Inclusive, pensando numa relação entre ambos, embora sejam técnicas quase antagônicas – uma que vem de uma prática mais tradicional e outra mais atual, é uma mídia nova –, eu vejo que tem um contato muito grande entre elas do ponto de vista da materialidade dessa imagem, que é um código. Então, acho que é isso que mais me interessa no momento, o têxtil e as mídias eletrônicas.
Como foi para você navegar entre essas duas técnicas – têxtil e do eletrônico – que não recebem tanta atenção na faculdade de artes, que tendem a priorizar mídias mais clássicas, como pintura e escultura?

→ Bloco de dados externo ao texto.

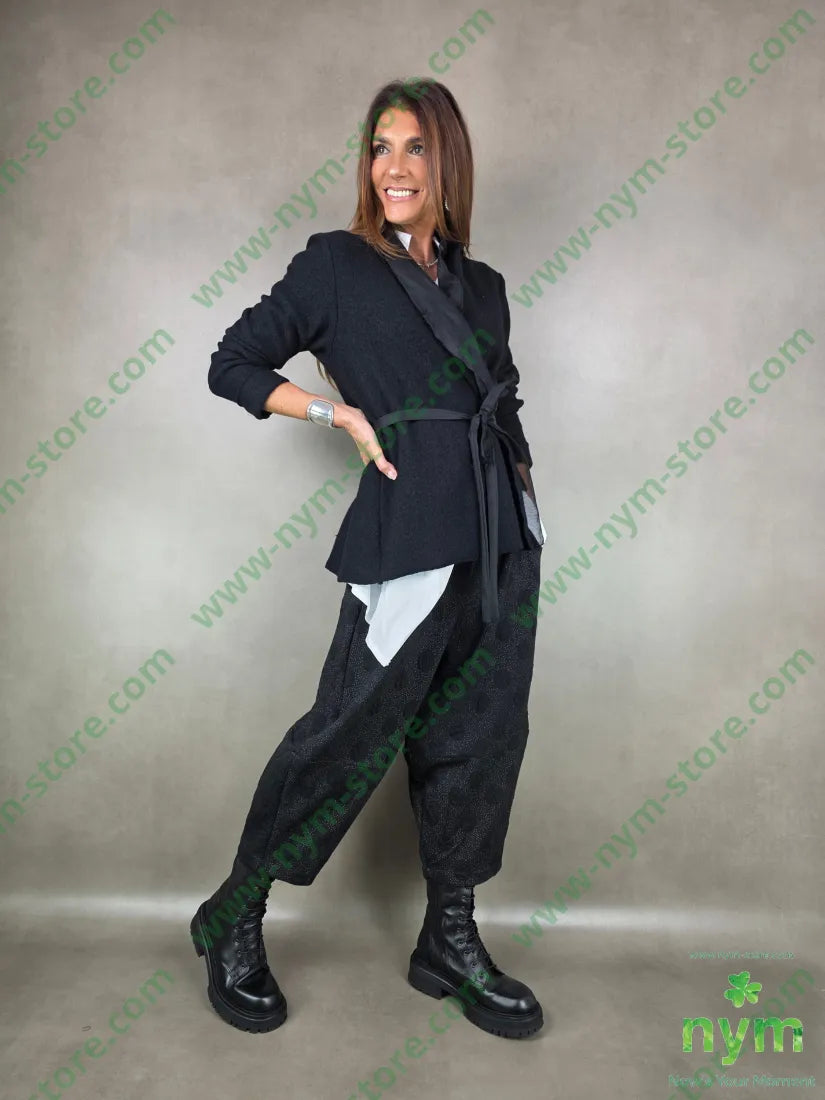 giacca lana vergine cinturino 100wo U / NERO / AI25 GIACCA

Eu tive acesso a essas técnicas mais tradicionais, mas o têxtil, de fato, nem foi tratado. Não tivemos, na formação, nenhuma atividade prática nesse sentido. E mesmo tendo alguma atenção para fotografia e vídeo, o digital também não era um foco do curso. Antes de eu passar pelo curso de artes visuais, que acabei não completando, eu me formei em cinema. Então, essa relação com a imagem digital vem dessa experiência de manipulação de imagens enquanto editor de vídeo. Esse é um dado interessante que eu tenho revisitado e do qual tenho pensado a respeito. Foi editando a imagem que eu comecei a expandir, a tentar entender o que tem por trás dessa trama digital e como diferentes câmeras geram diferentes características nessa imagem digital. Como que a resolução, o formato em que o vídeo é codificado e onde ele vai rodar são fatores que influem na visualidade e recepção desse material. Foi nessa formação de cinema que eu passei a me atentar a isso e me interessar pela questão da materialidade da imagem digital e perceber que ela tem muitos paralelos com a trama têxtil também.

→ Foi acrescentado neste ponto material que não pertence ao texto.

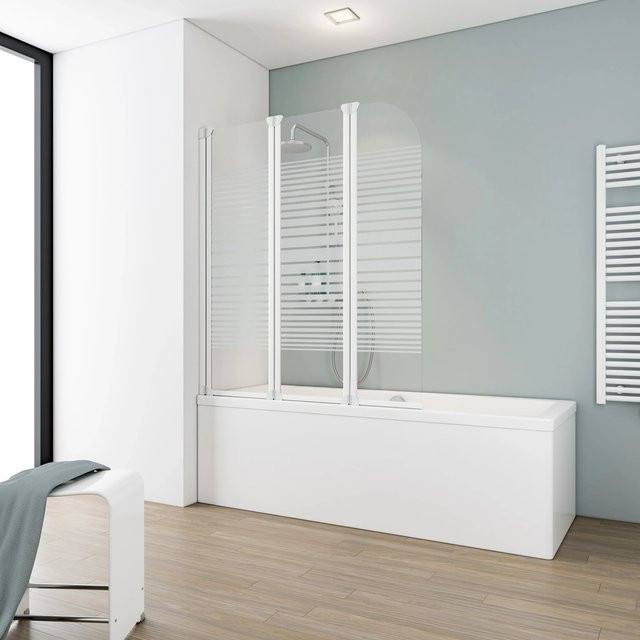 Schulte Badewannentrennwand Komfort aus Sicherheitsglas in Weiß und Transparent, klappbar, B: 140 cm, H: 124,5 cm - Bild 1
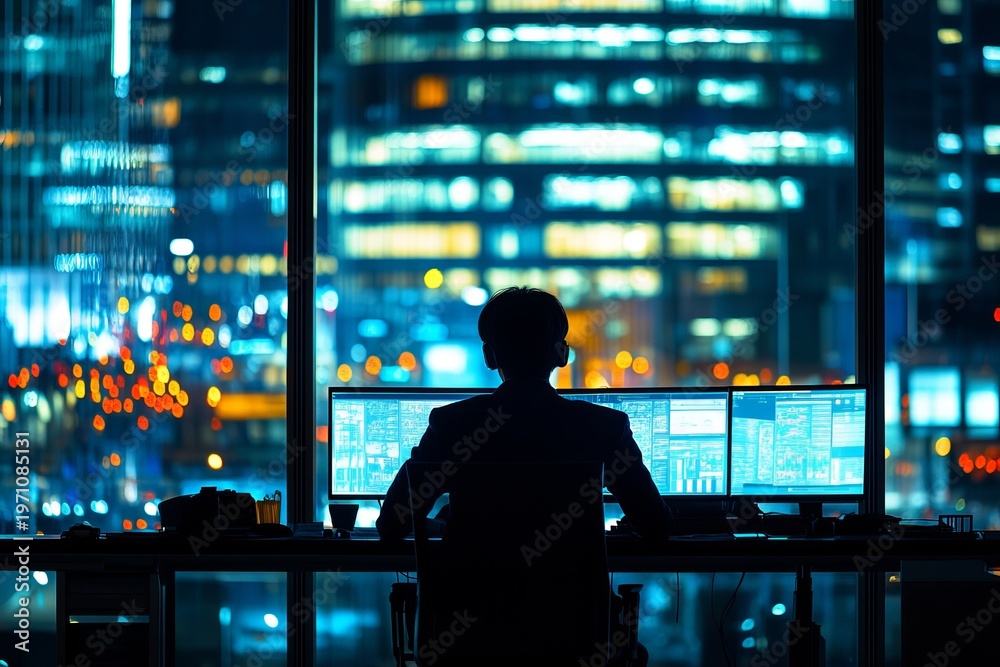 Fototapeta premium Late Night Entrepreneur Silhouette of a Professional Working Late, Illuminated Cityscape and Dreams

E quando estudou cinema, você chegou a cobrir o time-based media ou somente o cinema clássico?
O curso era mais voltado para o entendimento clássico do cinema. Então passamos pela história do cinema tradicional e documentário. Era também uma formação que, de certa forma, nos preparava tecnicamente para que pudéssemos executar algumas funções, inclusive em outras áreas do audiovisual. Tem um festival em Porto Alegre, que se chama Cine Esquema Novo, que preenchia essa lacuna de repertório tanto de videoarte quanto de cinema experimental. É uma plataforma que exibe cinema expandido, da sala de cinema à instalação e performance. Esse contato me ajudou bastante a formar meu gosto e me fez perceber que aquilo me interessava. Quando comecei a frequentar esse festival, ficou nítido que o que realmente me interessava eram esses caminhos de experimentação formalista ou abordagens mais instalativas da imagem em movimento. Essas possibilidades me encantavam mais do que questões narrativas, que eu também aprecio, mas não é onde eu me sinto mais confortável para transitar com o meu trabalho autoral.
Onde você encontra inspiração?
Sempre gostei muito de olhar imagens e sempre tive esse fascínio retiniano de olhar essas imagens desde muito criança. A TV, que era esse objeto ligado na sala com imagens em movimento, era muito fascinante. Em mídias impressas – revistas, livros infantis ilustrados – era muito instigante o fato de que alguém havia criado aquelas imagens. Quando eu me pegava pensando sobre a autoria dessas ilustrações, ficava muito impactado pelo processo por trás daquilo e curioso a seu respeito. Eu nasci no começo dos anos 1990 e cresci ao longo dos anos 1990 e começo dos anos 2000, que foi um período em que eu pude observar um processo de digitalização da cultura muito acelerado. A mesma imagem foi transitando por diversas mídias, do VHS ao DVD, depois para o Blu-ray, por fim para os arquivos de alta resolução ou streamings. O mesmo processo de digitalização também afetou a fotografia e a produção amadora de imagens. Eu tive acesso à câmera analógica, mas muito rapidamente esse gesto de produzir uma foto migrou para uma câmera eletrônica e depois para o celular. Portanto, observar essas imagens transitando por tantas mídias e por tantas resoluções muito rapidamente me desperta muito interesse. E, colocando de uma maneira mais prática, temos a imagem digital da internet, esse acervo de imagens quase infinito. Muitas vezes são imagens amadoras, que as pessoas postam das suas intimidades, ou imagens que não têm autoria nítida. São coisas que estão ali, que ninguém sabe de onde vêm, para onde vão, pois estão hiperprocessadas. Em paralelo a isso, eu só fui ter uma formação mais organizada de história da arte quando adulto, pois eu não tive tanto acesso a esse campo durante a infância e a adolescência. Portanto, as aproximações com objetos estéticos se deram pelo contato com essas mídias de comunicação e entretenimento e, também, com itens de artesanato, objetos decorativos de casa, itens domésticos que eram muito produzidos pelas pessoas da minha família. Embora não tenha tido contato formal com história da arte ou um acesso a essas imagens “oficiais” durante a infância, eu tive uma formação muito rica de outras visualidades e de uma relação lúdica com essas imagens.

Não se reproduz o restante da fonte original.